Mi chiedo se il fatto che le attuali modalità di narrazione per immagini includano spesso accentuati artifici narrativi e visivi possa celare la difficoltà di molti autori contemporanei a raccontare una storia in modo semplice e lineare. Anni fa, lessi una riflessione di Roman Polanski, in risposta ad un critico che poneva a confronto la marcata stilizzazione dei primi film del regista polacco con la linearità narrativa delle opere successive. Polanski diceva, più o meno, che la semplicità di esposizione è una conquista della maturità, che essere semplici e lineari pone all’autore più difficoltà che ricorrere ad accentuati ed autocompiaciuti esibizionismi espressivi. Uscendo dal cinema, dopo la proiezione de L’abominevole sposa, ho sentito qualcuno dire che avrebbe preferito che il film fosse stato semplicemente un’avventura vittoriana di Sherlock Holmes di cui, in effetti, sembravano esservi tutti gli elementi.

Dunque, un brutto film? No di certo. Accanto quanto appena considerato, la produzione abbonda di pregi e di fascino. Innanzi tutto, gli interpreti: appropriatamente riconvertiti all’iconografia di fine Ottocento, dal dinamismo tecnologico delle produzioni precedenti, ritraggono i personaggi letterari aderendovi in buona parte, attualizzandone l’essenza e non limitandosi a riproporne le maschere. Il loro perenne, e spassoso, confronto dialettico resta vitale e credibile, senza scadere nell’automatismo. Lo Sherlock Holmes di Benedict Cumberbatch, pur non presentato in modo eroico e celebrativo, trasuda energica vitalità mentale, lasciando appena intravvedere, dietro le sue attitudini avventurose, la vulnerabilità di una persona profondamente sola. Il Watson di Martin Freeman è un amico leale ma dotato della solida praticità necessaria a non lasciarsi sopraffare dal genio eccentrico del suo compagno. In più, è qui insolitamente alle prese con qualche tensione domestica: le sue frequenti assenze per seguire Holmes nelle sue indagini suscitano il comprensibile disappunto della signora Watson. Questo motivo, che all’inizio sembra uno tema di contorno, finisce ben presto per rivelarsi la premessa da cui scaturirà il principale sviluppo della trama, la sua chiave interpretativa, ovvero l’inarrestabile profilarsi dell’emancipazione femminile.

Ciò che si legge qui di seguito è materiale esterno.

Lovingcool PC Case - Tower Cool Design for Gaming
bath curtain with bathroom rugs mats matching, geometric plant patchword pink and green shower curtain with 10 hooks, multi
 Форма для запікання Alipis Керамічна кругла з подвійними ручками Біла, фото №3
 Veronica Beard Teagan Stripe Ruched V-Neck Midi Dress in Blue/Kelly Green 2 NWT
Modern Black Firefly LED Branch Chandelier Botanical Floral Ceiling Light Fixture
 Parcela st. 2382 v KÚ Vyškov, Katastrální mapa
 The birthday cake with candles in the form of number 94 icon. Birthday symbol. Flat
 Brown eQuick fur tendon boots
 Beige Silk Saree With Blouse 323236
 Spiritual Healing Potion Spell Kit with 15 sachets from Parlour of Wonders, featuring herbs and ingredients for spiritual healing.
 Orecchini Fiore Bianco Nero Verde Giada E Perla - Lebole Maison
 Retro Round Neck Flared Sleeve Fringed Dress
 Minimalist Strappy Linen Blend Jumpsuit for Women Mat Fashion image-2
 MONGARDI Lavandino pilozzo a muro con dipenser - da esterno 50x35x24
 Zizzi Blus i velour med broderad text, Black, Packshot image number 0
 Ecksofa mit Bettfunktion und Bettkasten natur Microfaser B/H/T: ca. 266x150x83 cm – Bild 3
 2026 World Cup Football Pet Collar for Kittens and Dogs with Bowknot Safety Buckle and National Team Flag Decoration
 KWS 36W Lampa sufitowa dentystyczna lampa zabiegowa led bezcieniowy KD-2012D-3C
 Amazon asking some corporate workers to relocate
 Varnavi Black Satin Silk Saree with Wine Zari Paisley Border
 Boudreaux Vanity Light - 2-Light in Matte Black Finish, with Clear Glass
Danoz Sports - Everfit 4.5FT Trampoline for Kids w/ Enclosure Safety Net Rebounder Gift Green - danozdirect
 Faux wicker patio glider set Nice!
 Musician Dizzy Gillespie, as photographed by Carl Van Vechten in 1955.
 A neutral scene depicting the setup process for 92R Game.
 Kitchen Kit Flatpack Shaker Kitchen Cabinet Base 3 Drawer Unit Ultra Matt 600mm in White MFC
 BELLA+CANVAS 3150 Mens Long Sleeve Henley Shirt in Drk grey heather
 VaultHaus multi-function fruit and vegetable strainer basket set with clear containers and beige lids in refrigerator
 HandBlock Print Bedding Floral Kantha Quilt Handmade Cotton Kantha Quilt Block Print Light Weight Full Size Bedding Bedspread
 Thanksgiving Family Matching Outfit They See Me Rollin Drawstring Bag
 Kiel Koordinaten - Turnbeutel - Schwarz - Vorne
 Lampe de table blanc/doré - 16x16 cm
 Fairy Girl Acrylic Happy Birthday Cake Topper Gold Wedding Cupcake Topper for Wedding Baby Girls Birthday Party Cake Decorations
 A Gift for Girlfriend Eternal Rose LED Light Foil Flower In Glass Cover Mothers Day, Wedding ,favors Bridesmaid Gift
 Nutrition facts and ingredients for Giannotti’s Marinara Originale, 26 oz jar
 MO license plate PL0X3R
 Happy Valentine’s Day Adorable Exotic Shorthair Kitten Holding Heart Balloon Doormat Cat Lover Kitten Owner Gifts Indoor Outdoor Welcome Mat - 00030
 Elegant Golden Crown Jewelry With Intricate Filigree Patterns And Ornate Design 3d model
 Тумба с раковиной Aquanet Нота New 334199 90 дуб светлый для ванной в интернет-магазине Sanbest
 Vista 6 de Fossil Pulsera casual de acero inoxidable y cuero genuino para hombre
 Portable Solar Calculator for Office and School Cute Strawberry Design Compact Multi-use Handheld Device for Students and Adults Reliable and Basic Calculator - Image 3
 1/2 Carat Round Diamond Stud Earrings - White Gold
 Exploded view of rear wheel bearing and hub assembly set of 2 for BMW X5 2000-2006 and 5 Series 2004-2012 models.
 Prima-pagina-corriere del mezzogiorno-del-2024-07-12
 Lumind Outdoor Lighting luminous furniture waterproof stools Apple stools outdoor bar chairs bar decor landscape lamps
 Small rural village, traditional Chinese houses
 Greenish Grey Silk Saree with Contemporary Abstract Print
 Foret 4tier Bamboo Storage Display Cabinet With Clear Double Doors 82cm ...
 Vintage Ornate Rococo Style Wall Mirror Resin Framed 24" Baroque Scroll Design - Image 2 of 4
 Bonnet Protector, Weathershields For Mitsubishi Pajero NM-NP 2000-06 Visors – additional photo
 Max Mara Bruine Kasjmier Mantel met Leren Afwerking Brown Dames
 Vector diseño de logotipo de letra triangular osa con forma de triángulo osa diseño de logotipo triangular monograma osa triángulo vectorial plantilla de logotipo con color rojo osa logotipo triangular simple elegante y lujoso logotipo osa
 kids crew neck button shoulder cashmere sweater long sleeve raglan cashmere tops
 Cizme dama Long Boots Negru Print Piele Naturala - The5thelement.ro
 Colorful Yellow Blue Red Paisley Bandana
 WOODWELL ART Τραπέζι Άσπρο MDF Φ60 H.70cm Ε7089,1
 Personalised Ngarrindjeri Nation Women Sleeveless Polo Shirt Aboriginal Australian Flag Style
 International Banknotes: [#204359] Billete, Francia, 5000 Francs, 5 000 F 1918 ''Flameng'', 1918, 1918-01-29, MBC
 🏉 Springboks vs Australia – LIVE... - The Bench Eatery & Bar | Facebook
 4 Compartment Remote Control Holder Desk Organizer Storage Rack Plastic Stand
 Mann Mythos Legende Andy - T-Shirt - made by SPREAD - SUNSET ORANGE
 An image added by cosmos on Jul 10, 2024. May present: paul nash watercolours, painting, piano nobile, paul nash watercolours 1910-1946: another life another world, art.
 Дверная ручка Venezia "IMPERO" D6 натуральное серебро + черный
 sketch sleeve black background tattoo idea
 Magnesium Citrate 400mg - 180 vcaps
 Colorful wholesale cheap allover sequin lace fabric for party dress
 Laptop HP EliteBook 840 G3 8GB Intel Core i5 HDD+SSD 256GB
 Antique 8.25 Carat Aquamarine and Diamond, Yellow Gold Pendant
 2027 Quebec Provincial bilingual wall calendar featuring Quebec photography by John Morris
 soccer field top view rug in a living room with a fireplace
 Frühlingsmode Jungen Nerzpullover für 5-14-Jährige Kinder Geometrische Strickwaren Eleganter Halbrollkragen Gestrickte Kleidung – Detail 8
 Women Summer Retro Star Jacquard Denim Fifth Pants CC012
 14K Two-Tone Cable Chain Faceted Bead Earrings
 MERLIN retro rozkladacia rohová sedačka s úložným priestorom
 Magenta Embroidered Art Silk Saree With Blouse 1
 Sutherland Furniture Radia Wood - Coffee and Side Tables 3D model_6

Fenomeno vissuto con disorientata perplessità – mirabilmente evocata nel film – da un contesto culturale e sociale non certo incline a riconoscere le prerogative esistenziali della donna, se non in una accezione riduttiva e stereotipata.

Tra i pregi del film, ritengo debba menzionarsi, poi, l’efficacia nella rievocazione della Londra vittoriana che, pur lontana dalla vitale visceralità ed dai sapori esoterici della città raffigurata nello Sherlock Holmes di Guy Ritchie (2009), rende l’ambientazione densa di suggestioni, richiamate con efficacia dai sofisticati chiaroscuri della fotografia, che suggeriscono un’illuminazione d’epoca, scelta stilistica che sembra talvolta rimandare alle immagini a lume di candela del Barry Lyndon di Stanley Kubrick.

Abbondano, nell’opera, i riferimenti eruditi alla saga letteraria e l’individuarli costituisce, per l’appassionato, un ulteriore motivo di divertimento. Convincente, inoltre, la rappresentazione visiva dei processi logico-inferenziali di Holmes, vero e proprio marchio di fabbrica della serie, qui appropriatamente rielaborati nello stile grafico tardo-ottocentesco.

Una menzione speciale mi sembra meritare, infine, l’immagine conclusiva. Con un ultimo salto temporale, Holmes si affaccia alla finestra del suo salotto vittoriano ed osserva la Baker Street di oggi, trafficata, caotica e rumorosa, il tutto rappresentato con rapida disinvoltura, in modo improvviso ed inatteso, senza compiacimenti: il semplice, palese, innegabile dato di fatto della perenne attualità di un personaggio che, come ha ben compreso il suo interprete, “ha la capacità di trasformare l’ordinario in un’avventura”.